A fairy tale by Ludwig Bechstein

Once upon a time there was a knight who had, besides abundant wealth and land, a bad wife whom he never could manage to master, and a worse wife was hardly to be found on this earth. He, however, was honourable and of a gentle disposition. They had an only daughter, and the mother raised her in her own wicked ways, imprinting her with her own stamp, so that she became whingy and stingy and vicious and malicious. Nevertheless, God had fashioned the girl into a beautiful maiden, so everyone who saw her thought her a picture of lovely goodness, but anyone who became more closely acquainted with her soon perceived her wickedness and gave her a wide berth. Now the maiden was eighteen years old and would have liked to take a husband, but no man came who desired her as a wife.

This worried her father tremendously, and one day he spoke to her: “Daughter, your mother’s ways and her bad advice have ensured that you remain without a husband, or, if a man takes you who does not, like I do, have a mind to bear with patience a woman’s wicked wiles, then you will be beaten more often than there are days in the year, and you will regret all the more having followed and obeyed your mother in every particular.”

The daughter of the pious knight was very loath to hear this, and she said angrily, “Well, pater! You may talk a great deal before a single word of yours pleases me! You have also given my mother much too much good guidance, which she does not thank you for. You know what? Do what seems good to you, and let me be. For even if a suitor were to come tomorrow desiring my hand in marriage, I would always have to be the one who carried the longer knife in wedlock.”

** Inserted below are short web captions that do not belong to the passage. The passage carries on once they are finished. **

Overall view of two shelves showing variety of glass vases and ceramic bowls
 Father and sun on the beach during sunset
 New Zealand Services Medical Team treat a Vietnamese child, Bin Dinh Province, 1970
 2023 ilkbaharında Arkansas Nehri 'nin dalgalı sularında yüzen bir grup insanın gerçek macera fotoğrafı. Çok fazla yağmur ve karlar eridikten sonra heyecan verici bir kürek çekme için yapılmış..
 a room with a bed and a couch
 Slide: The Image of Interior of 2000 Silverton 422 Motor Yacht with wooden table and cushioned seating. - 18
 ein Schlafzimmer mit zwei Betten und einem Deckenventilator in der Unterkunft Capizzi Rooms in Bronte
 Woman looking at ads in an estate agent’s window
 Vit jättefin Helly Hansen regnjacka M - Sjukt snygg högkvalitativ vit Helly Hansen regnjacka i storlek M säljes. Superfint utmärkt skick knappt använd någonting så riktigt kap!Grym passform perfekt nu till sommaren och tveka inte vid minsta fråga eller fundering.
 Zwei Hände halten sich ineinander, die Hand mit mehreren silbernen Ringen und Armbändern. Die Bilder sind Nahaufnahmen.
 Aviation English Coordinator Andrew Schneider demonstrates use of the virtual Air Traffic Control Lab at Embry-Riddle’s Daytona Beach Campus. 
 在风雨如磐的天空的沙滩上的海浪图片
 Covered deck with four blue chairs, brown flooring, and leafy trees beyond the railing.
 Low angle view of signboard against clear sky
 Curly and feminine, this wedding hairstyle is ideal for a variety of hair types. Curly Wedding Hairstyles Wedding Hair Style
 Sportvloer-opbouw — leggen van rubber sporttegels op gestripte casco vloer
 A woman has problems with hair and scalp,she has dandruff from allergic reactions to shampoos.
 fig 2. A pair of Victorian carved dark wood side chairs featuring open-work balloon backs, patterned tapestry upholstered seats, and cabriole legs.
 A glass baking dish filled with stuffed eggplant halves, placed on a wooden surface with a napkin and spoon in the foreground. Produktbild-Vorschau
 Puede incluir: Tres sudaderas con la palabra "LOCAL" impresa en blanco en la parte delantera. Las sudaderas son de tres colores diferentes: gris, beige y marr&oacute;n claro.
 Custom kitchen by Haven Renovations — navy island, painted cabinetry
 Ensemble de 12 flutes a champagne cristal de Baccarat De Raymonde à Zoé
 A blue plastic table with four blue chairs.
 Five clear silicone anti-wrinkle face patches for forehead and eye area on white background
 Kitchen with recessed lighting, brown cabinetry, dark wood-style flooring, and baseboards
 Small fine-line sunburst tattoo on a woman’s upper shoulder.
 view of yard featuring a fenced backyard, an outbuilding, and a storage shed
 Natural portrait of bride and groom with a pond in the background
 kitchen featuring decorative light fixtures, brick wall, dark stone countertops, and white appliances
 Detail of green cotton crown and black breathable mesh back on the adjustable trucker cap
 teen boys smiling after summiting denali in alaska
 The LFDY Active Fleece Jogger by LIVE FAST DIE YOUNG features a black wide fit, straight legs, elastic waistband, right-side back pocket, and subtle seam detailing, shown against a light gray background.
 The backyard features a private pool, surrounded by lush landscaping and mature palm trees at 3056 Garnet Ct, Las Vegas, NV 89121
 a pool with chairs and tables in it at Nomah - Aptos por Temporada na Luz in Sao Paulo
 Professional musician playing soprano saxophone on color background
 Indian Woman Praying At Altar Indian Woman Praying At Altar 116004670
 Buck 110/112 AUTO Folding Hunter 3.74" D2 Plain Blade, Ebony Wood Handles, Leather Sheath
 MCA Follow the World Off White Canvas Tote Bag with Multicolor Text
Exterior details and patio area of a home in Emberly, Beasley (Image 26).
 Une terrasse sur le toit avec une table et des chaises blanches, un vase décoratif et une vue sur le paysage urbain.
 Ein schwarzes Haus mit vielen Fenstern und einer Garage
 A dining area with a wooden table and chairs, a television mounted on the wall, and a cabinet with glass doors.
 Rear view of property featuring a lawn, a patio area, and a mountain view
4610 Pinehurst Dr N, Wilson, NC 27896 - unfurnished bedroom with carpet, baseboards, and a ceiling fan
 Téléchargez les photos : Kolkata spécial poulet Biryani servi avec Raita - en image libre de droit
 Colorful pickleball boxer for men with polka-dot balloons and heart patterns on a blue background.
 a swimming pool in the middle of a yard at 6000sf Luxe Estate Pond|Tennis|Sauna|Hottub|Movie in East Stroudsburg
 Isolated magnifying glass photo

“Oh my daughter!” the knight replied. “I do not think it good for you to have such thoughts. You should set your mind to being better than your wicked mother, or it may well come to pass that you end up with a husband who is so upright and pious that he will use force on you, and in the end you will have to yield, dishonoured and disgraced.”

“Well, really!” replied the daughter. “Talk is cheap. Buy me some before the market closes”[8] – and more such nasty satirical remarks were made to her father, so that he cried out in fury, “Oh, you wicked Kriemhild![9] As you will not follow your father, so will your back take its fill of blows! Whoever wants your hand, be he knight or be he servant, he shall have you, and shall educate you as he pleases!”

“Or I him as I please!” the daughter defiantly replied, and other words ensued until this quarrel came to an end.

Now some three miles away from the castle of this good knight was the seat of another knight who was rich in wealth and estates and had thoughts of going courting; and his countenance was handsome and his manners courteous. He made enquiries and heard word of how beautiful, and how ugly at the same time, his neighbour’s daughter was, and he thought: “I shall venture to turn her nature towards virtue, and make her good; if not, then I will take her for her beauty’s sake, for better or for worse.” Then he rode with his kinsmen to the maiden’s father and asked him for his daughter’s hand. This knight revealed to the young suitor what kind of manners his daughter had, and he replied, “Yes, I’ve heard about that, but just give me her to wife! If God so wills that we live together for just one year, you shall see how good she will become!” – To which the future father-in-law replied, “May God protect you from her ill temper! Be on your guard, for if she follows in her mother’s footsteps, then however long she lives, you will never know a happy day with her.” But the suitor persisted in his resolve, and an agreement was entered into, and marriage articles, to the effect that the young knight would, as soon as he returned, take the maiden back with him to his home.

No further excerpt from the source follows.